Wouldn't that be his mask as the Master of Assassins?


----------



## Khorne's Fist (Jul 18, 2008)

SonofMalice said:


> Wouldn't that be his mask as the Master of Assassins?


That's what I thought.


----------



## thebinman (Jun 18, 2010)

Why are those chains everywhere?


----------



## Lost&Damned (Mar 25, 2012)

warhammer is big on bondage
edit:
tied down by the chains of guilt?
everything is interconnected?


----------



## Brother Lucian (Apr 22, 2011)

thebinman said:


> Why are those chains everywhere?


Probably a symbol for the chains of duty. Or the fact that Malcador holds and yanks the chain of everyone in the imperium.


----------



## normtheunsavoury (Mar 20, 2008)

Why can't they just put this stuff in books, I'm old enough to read a book on my own now, I don't need a story read to me like a toddler at bedtime.


----------



## Lost&Damned (Mar 25, 2012)

some people like to listening to it on the way/back to/from work, while doing something else etc...
some people like a break from reading, some people dont really like reading, but i still agree with you norm.
also in a way its more convenient, just use MP3's no need to carry a book around


----------



## Lord Commander Solus (Jul 26, 2012)

normtheunsavoury said:


> Why can't they just put this stuff in books, I'm old enough to read a book on my own now, I don't need a story read to me like a toddler at bedtime.

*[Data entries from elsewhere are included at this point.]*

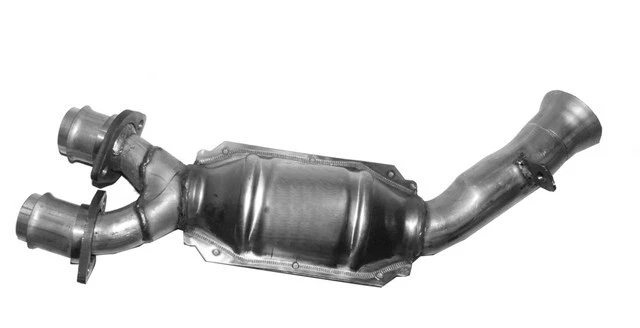 Catalytic Converter Fits 1988 1989 Jaguar Vanden Plas - Image 2 of 2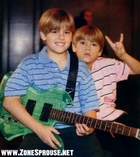 Cole & Dylan Sprouse : TI4U_u1137958575.jpg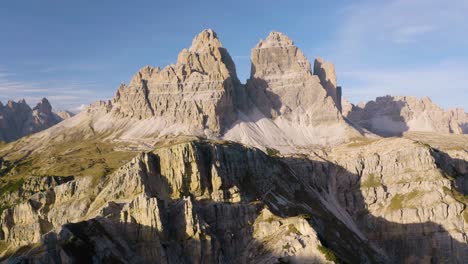 Hermosa-Toma-De-Drones-Revela-Los-Picos-De-Las-Montañas-Tre-Cime-En-El-Parque-Natural-En-Los-Dolomitas-De-Italia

Massive +1. As soon as something's released on audio I'm immediately turned off. It also annoys me that I'll be missing HH history because it's not been put into a book...

I'd even pay for somebody to transcribe it! :laugh:


----------



## Brother Lucian (Apr 22, 2011)

Lord Commander Solus said:


> Massive +1. As soon as something's released on audio I'm immediately turned off. It also annoys me that I'll be missing HH history because it's not been put into a book...
> 
> I'd even pay for somebody to transcribe it! :laugh:


Im hearing impaired myself, audiobooks is beyond me.  

Though audiobooks eventually seems to get bookized after 2 years. Ravens Flight is comming out in readable form in the upcomming shadows of treachery anthology.


----------



## mob16151 (Oct 20, 2011)

Well considering Malcador is this guy..................

http://wh40k.lexicanum.com/wiki/Narthan_Dume#.UCUtk5jhdeM

or this guy

http://wh40k.lexicanum.com/wiki/Kalagann#.UCUwT5jhdeM


----------



## SonofMalice (Feb 5, 2012)

mob16151 said:


> Well considering Malcador is this guy..................
> 
> http://wh40k.lexicanum.com/wiki/Narthan_Dume#.UCUtk5jhdeM
> 
> ...


Wait...huh? Were is this in the fluff? I feel like I missed a vital part of my education. Where can I look to find this?


----------



## Lost&Damned (Mar 25, 2012)

its says the sources just under the text.


----------



## Brother Lucian (Apr 22, 2011)

Those are just speculations to whom Malcador might be, not definite truth. But supposedly the Sigilite audiodrama is his' origin story.


----------



## Ultra111 (Jul 9, 2009)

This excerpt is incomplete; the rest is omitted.